So if you’re going go ahead and DFA Jerad Eickoff anyway, you may as well issue the same No. 43 to the rookie callup to take his place but the Mets are too busy do that kind of stuff anymore. Get a number in spring, it’s yours to keep all summer, which is why long-simmering righty starter prospect Thomas Szapucki is up and wearing 63.
Sixty-three is a number for longshot midseason minor league callups whom you hope to get a few innings out of when the team is banged up or there’s a spate of rain make-ups ahead, and not a real player. Our last 63 was Tim (not David) Peterson, who’s now in the minors with the Angels. Our first was Chris Schwinden, whom I recall getting reliably beaten up every time he went out there. Gabriel Ynoa, who did a have a few years with the Orioles ahead, was the second.

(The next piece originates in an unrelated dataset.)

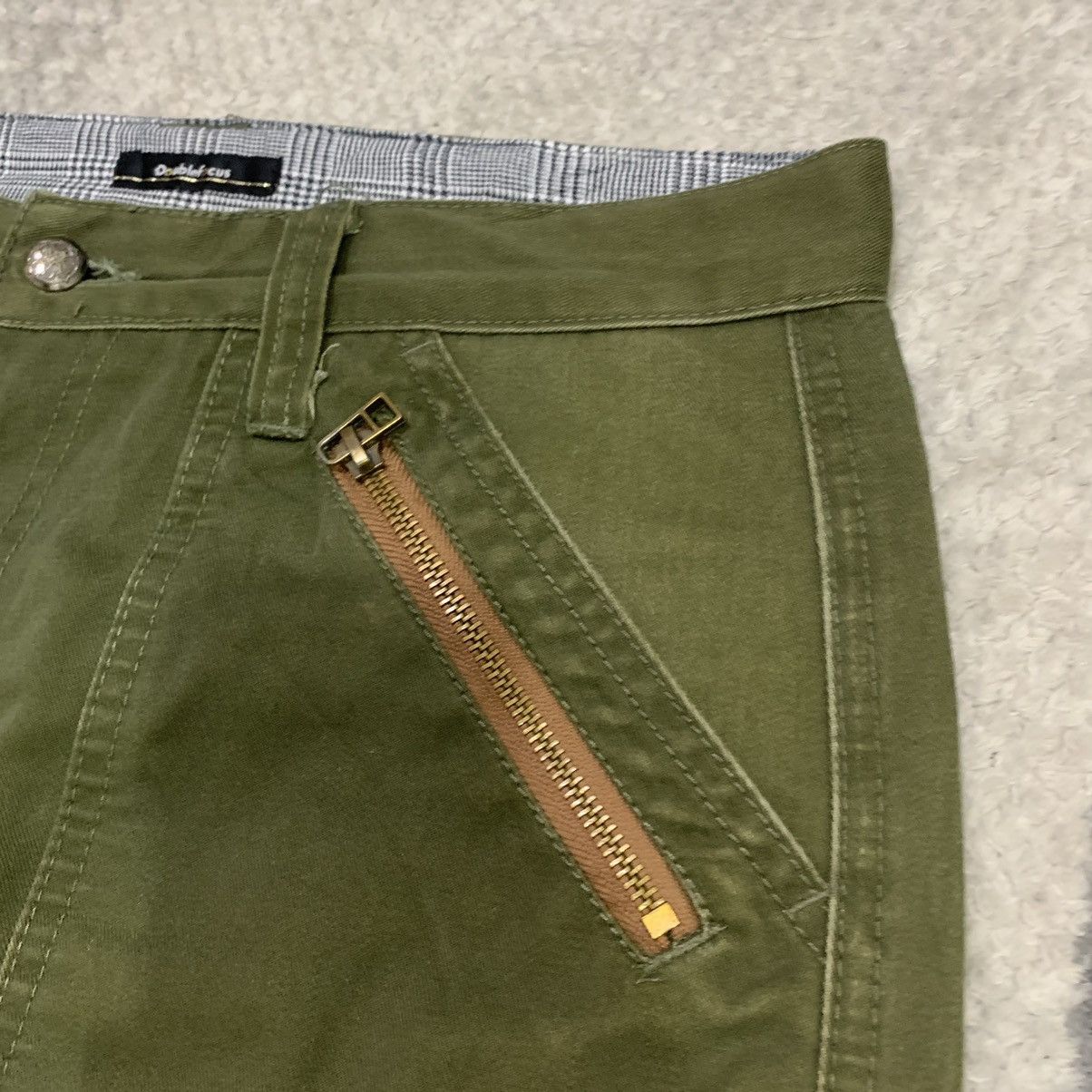 Japanese Brand × Seditionaries DOUBLEFOCUS 90s BAGGY MULTIPOCKET ZIPPER UTILITY CARGO PANT Size US 32 / EU 48 - 10 Thumbnail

The lucky ones, it seems, are those who come from so far below the surface they didn’t get any attention, like Tylor Megill, who as you know by now wears No. 38, chews gum while he throws, is like, 9 feet tall and might be the best 4-inning starter in club history, if he keeps it up. Megill actually has quietly succeeded his way up the ladder, and is the second member of his family to debut in the bigs this year. His older brother Trevor, who’s also very tall, wears No. 74 for the Cubs.
Megill is the first 38 since Justin Wilson; I still see Tim Leary when I think of 38’s and for whatever reason, Jerrod Riggan.